§ **Try it**: In the entries below, find the line with "Jual kain semi" and the line with "锁骨链甜小兔子美猫眼石可爱项链"; give again those lines and every line between them, exactly.

-------- Data for this task --------

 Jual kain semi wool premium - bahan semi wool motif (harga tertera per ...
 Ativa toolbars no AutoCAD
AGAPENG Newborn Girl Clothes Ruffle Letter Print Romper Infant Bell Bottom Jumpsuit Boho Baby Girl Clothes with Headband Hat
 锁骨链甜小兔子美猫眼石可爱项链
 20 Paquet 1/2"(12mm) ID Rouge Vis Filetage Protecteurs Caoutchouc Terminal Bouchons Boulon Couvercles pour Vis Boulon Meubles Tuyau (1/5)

--------
-------- Data for this task --------

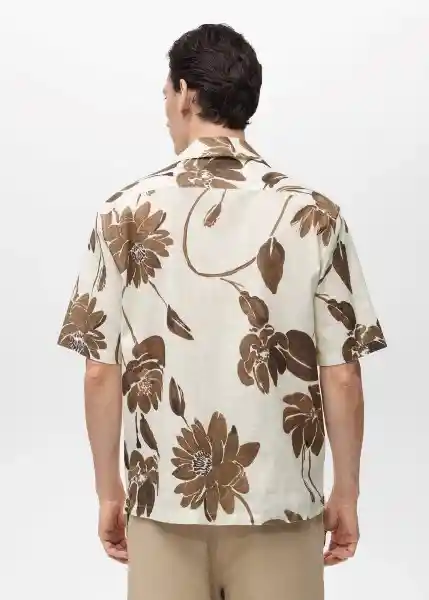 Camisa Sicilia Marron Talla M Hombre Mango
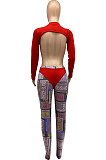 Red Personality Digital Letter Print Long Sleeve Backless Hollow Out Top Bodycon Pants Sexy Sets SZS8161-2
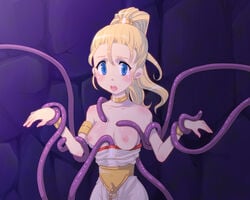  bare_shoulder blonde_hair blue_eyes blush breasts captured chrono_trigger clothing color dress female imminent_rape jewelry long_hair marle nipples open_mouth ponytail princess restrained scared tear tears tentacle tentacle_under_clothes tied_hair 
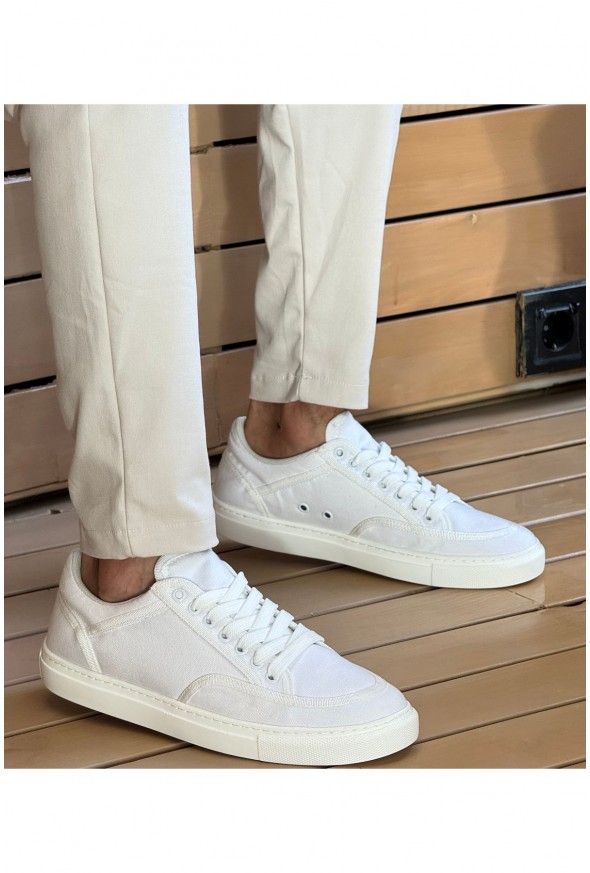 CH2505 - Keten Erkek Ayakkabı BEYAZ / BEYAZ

--------

§ **Written answer**:
 Jual kain semi wool premium - bahan semi wool motif (harga tertera per ...
 Ativa toolbars no AutoCAD
AGAPENG Newborn Girl Clothes Ruffle Letter Print Romper Infant Bell Bottom Jumpsuit Boho Baby Girl Clothes with Headband Hat
 锁骨链甜小兔子美猫眼石可爱项链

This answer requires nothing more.